Nehalem, like AMD’s Phenom, features a 3-level cache hierarchy. There’s a 64KB L1 cache (32KB I + 32KB D), a 256KB L2 cache (per core, unshared) and up to an 8MB L3 cache (shared among all cores).
The L1 cache is the same size as what we have in Penryn, but it’s actually slower (4 cycles vs. 3 cycles). Intel slowed down the L1 cache as it was gating clock speed, especially as the chip grew in size and complexity. Intel estimated a 2 - 3% performance hit due to the higher latency L1 cache in Nehalem.
The L2 cache also gets a hit - while in Penryn we had a 6MB L2 cache shared between two cores, Nehalem moves the L2 cache next to each individual core and reduces the size to a meager 256KB. We haven’t had a high performance Intel CPU with such a small L2 cache since the first Pentium 4. The smaller L2 is quicker, it only takes 10 cycles from load to get data out of the L2 cache.
The L2 cache acts as a buffer to the L3 cache so you don’t have all of the cores banging on the L3 cache, requiring tons of bandwidth.
The L3 cache is shared by all cores and in the initial Core i7 processors will be 8MB large, although its size will vary depending on the number of cores. Multi-threaded applications that are being worked on by all cores will enjoy the large, shared L3 cache.
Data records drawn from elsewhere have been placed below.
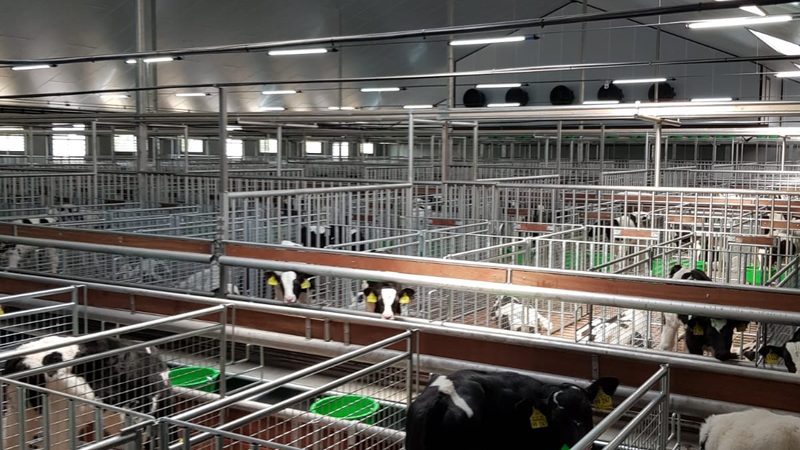独立站搭建与运营：揭秘常见错误与优化策略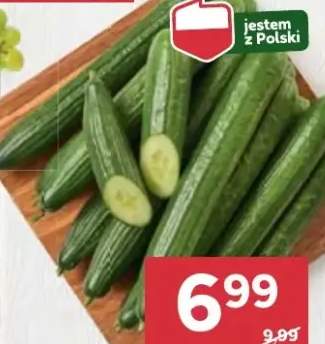 ogórek długi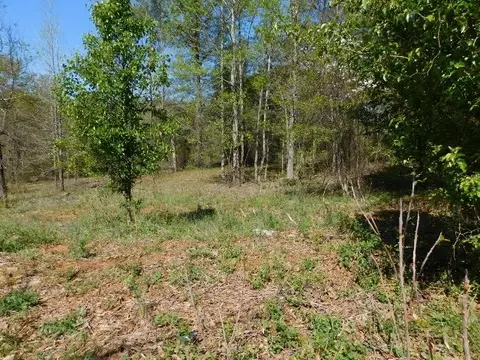 130 Halston Rdg, Easley, SC 29642 photo 2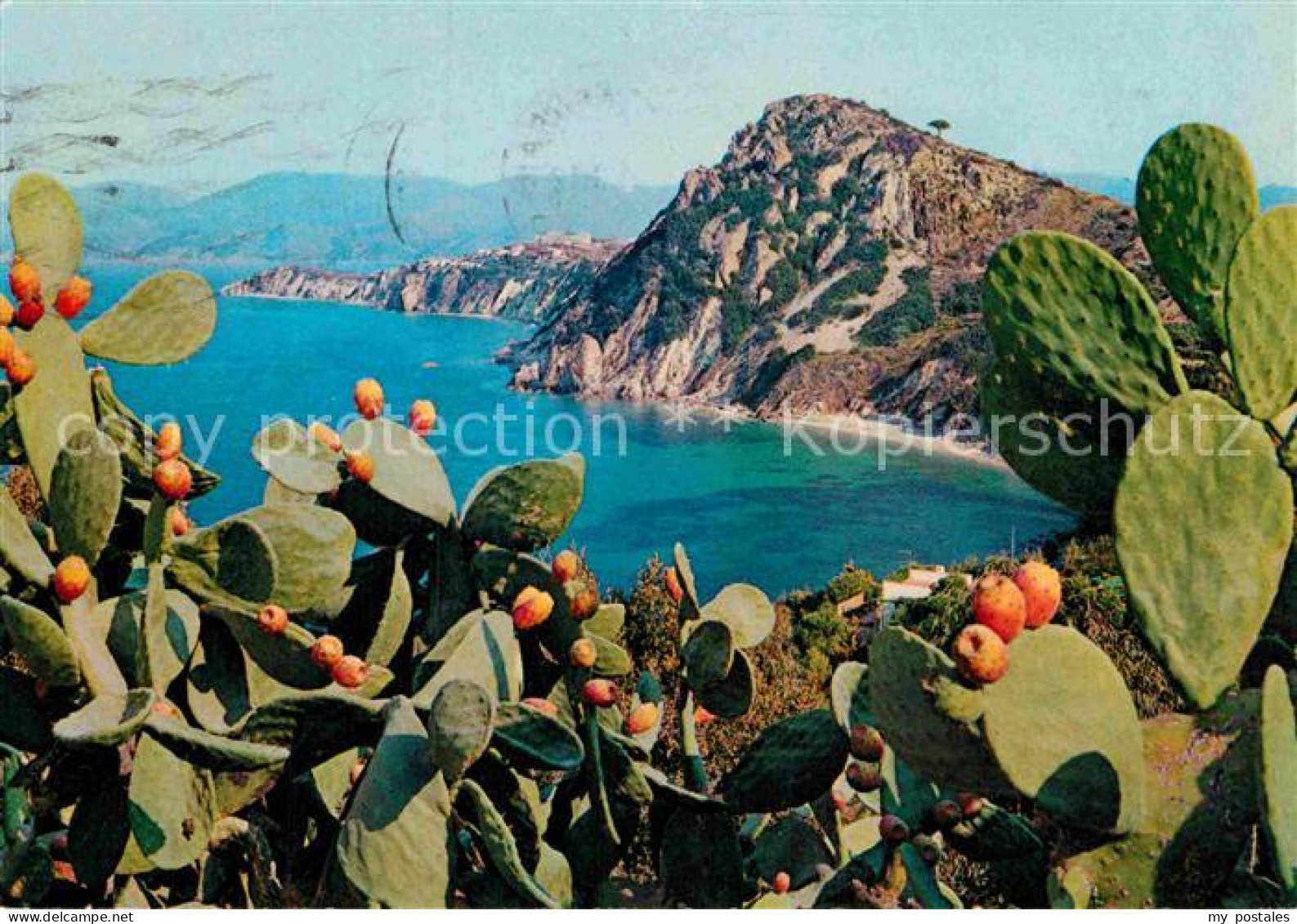 72864127 Insel Elba Golfo Di Seccione E Monte Bello Insel Elba - Sonstige & Ohne Zuordnung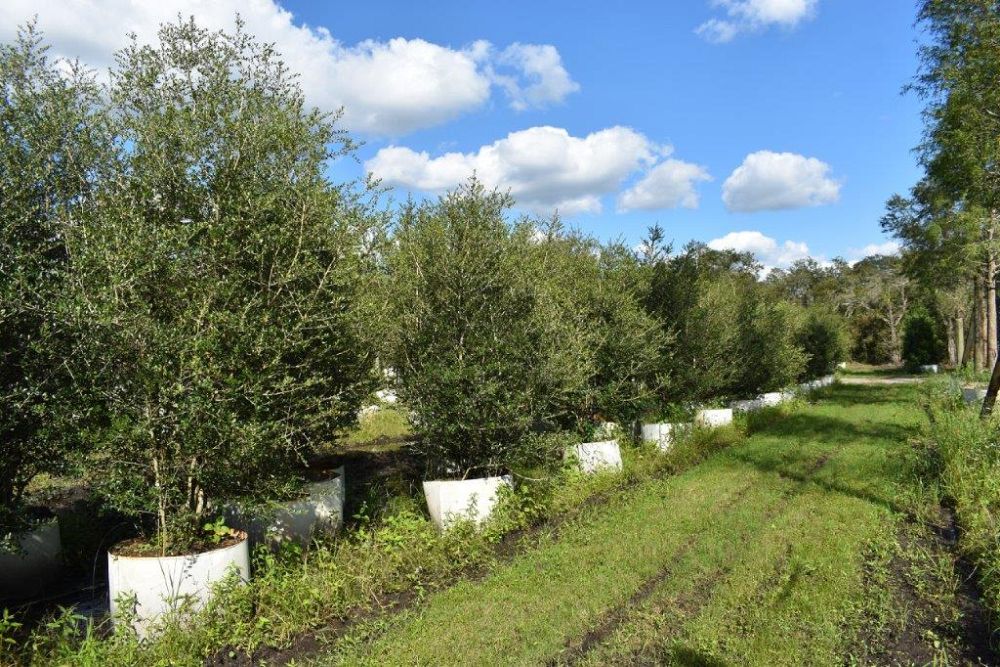 ilex-vomitoria-yaupon-holly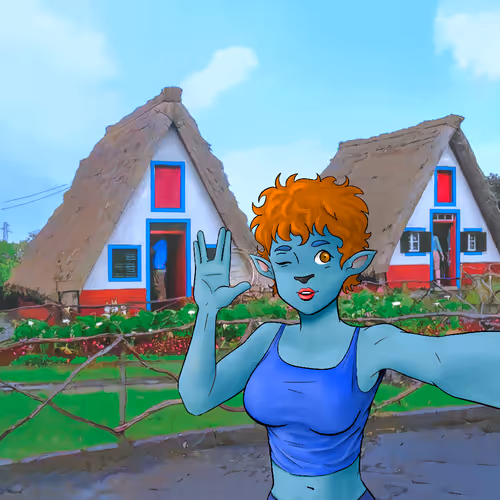 Little Traveler Pfp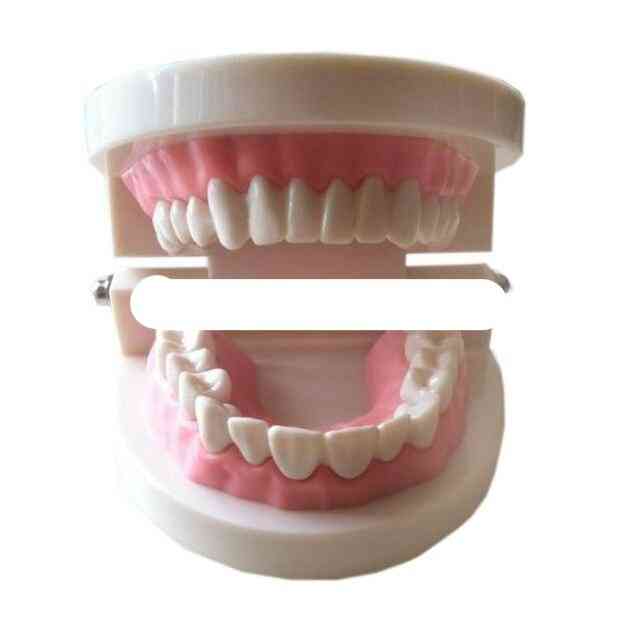 Medicinsk undervisningsverktyg tänder modell tandvård modell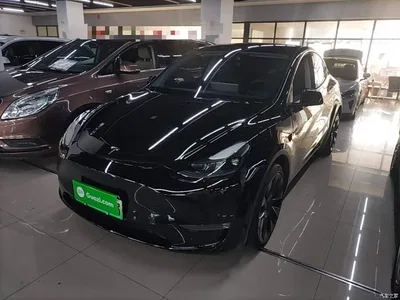 2021 Tesla Model Y Model Long Range AWD, фото 2, лот 11585544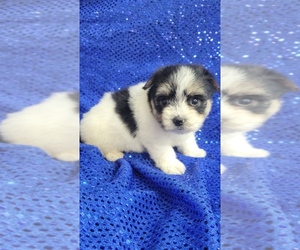 Morkie Puppy for sale in WINSLOW, AR, USA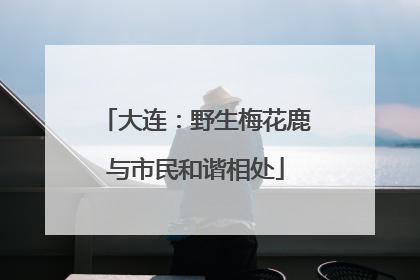 大连：野生梅花鹿与市民和谐相处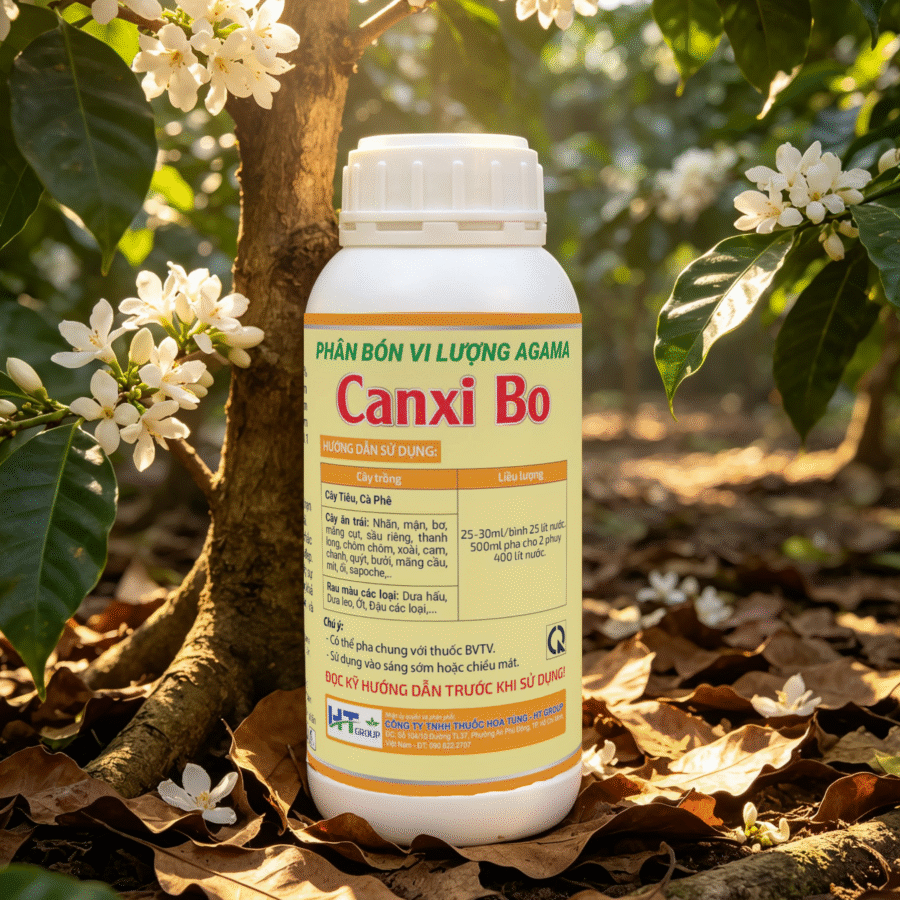 AI2 - Canxi Bo Kẽm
Intel defended its reasoning for using an inclusive cache architecture with Nehalem, something it has always done in the past. Nehalem’s L3 cache is inclusive in that it contains all data stored in the L1 and L2 caches as well. The benefit is that if the CPU looks for data in L3 and doesn’t find it, it knows that the data doesn’t exist in any core’s L1 or L2 caches - thereby saving core snoop traffic, which not only improves performance but reduces power consumption as well.
An inclusive cache also prevents core snoop traffic from getting out of hand as you increase the number of cores, something that Nehalem has to worry about given its aspirations of extending beyond 4 cores.